DIRECTIONS FOR THIS TASK:
The material below holds pictures; leave them out and reproduce exactly the lines from the one with "Stainless Steel Suction" through the one with "Louis Vuitton グレー", inclusive.

GIVEN DATA:
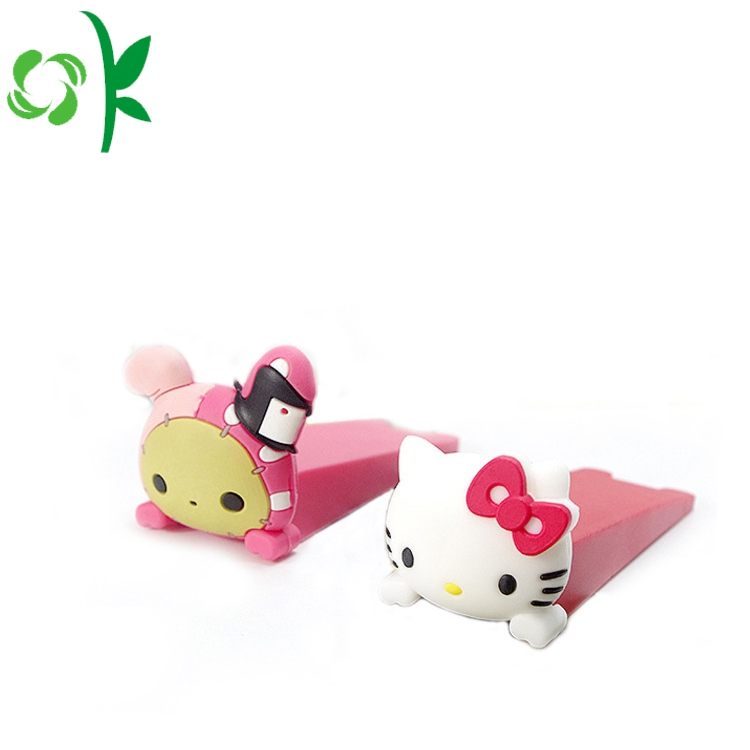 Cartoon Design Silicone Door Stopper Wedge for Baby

==

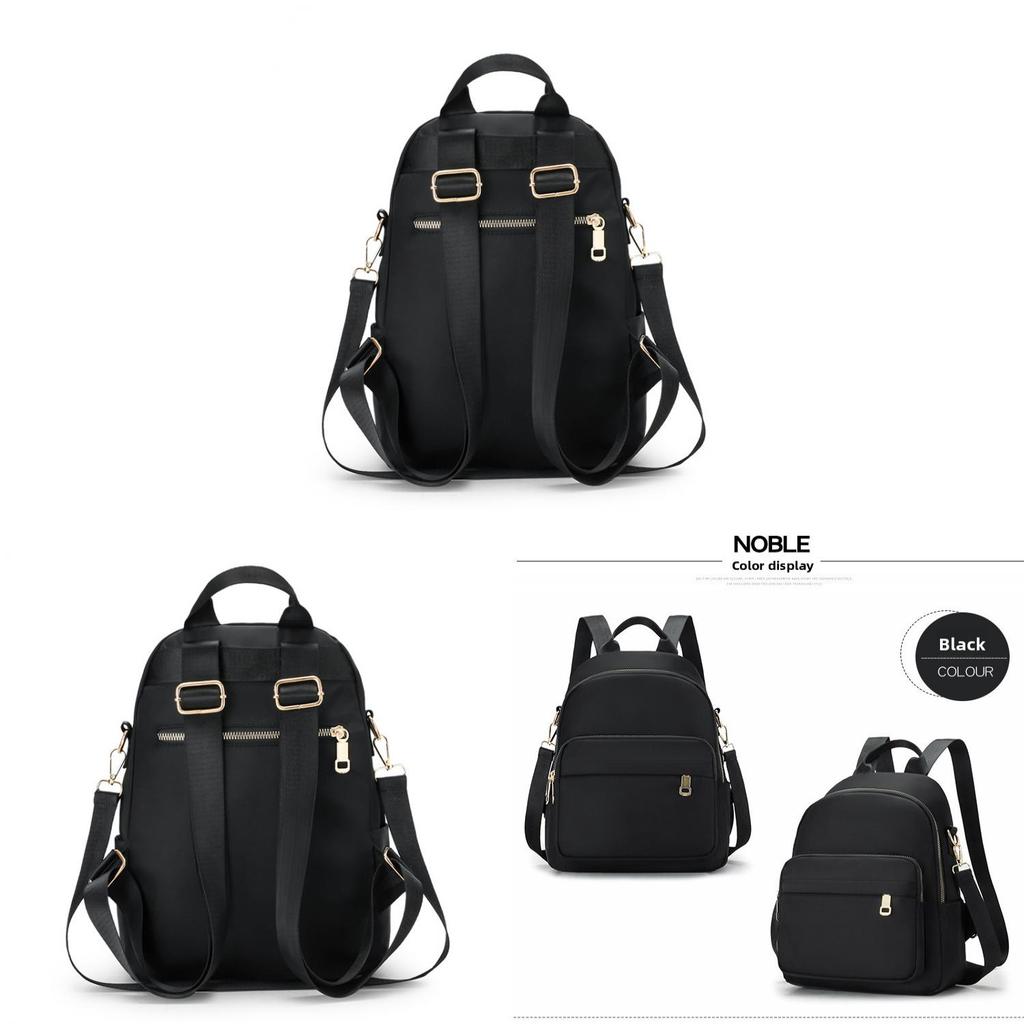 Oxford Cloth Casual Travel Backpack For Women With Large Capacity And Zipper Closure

==

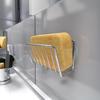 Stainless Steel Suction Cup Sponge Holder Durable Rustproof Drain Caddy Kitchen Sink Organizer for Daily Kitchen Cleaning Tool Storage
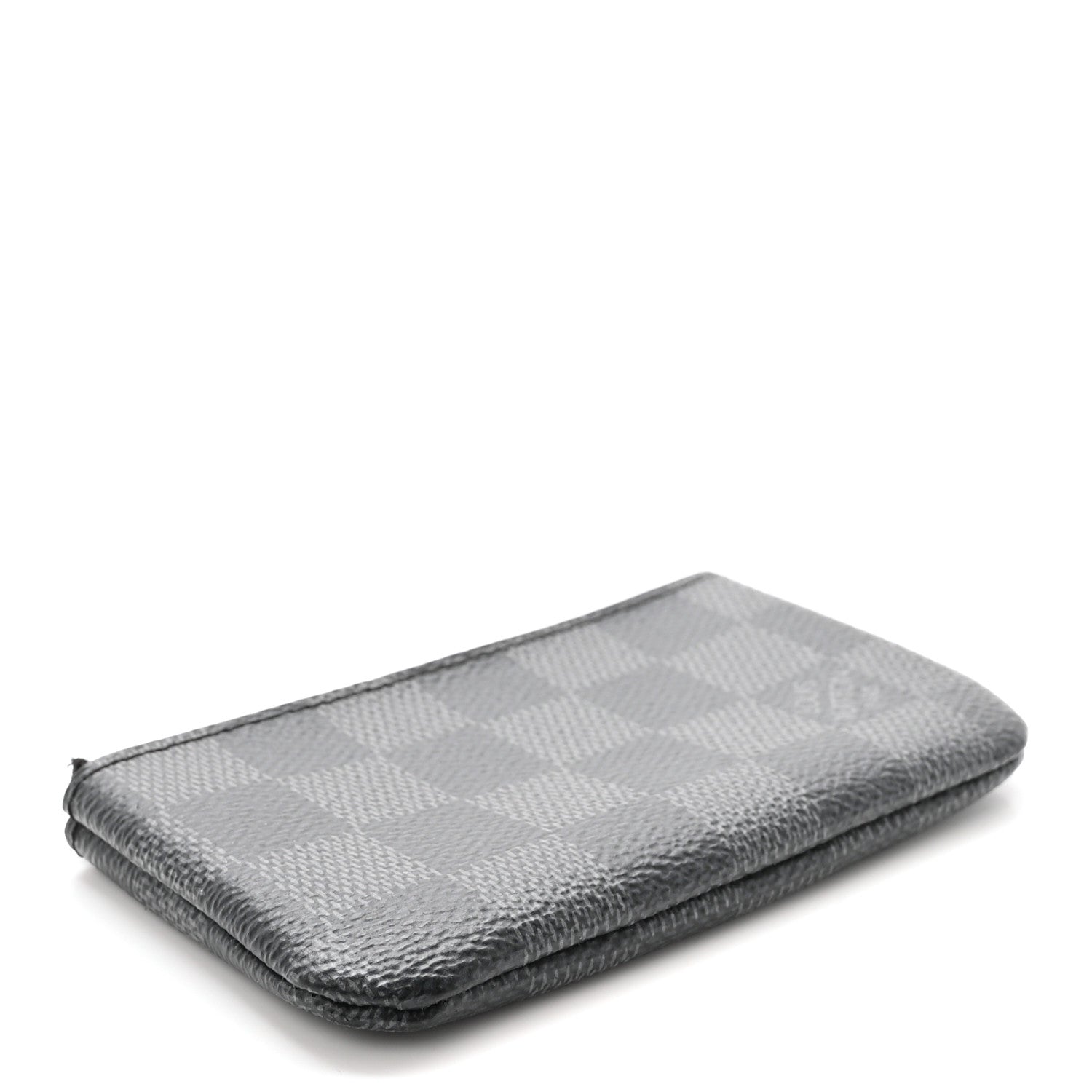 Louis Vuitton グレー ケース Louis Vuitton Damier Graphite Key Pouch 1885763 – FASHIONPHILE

SOLVED PROBLEM:
 Stainless Steel Suction Cup Sponge Holder Durable Rustproof Drain Caddy Kitchen Sink Organizer for Daily Kitchen Cleaning Tool Storage
 Louis Vuitton グレー ケース Louis Vuitton Damier Graphite Key Pouch 1885763 – FASHIONPHILE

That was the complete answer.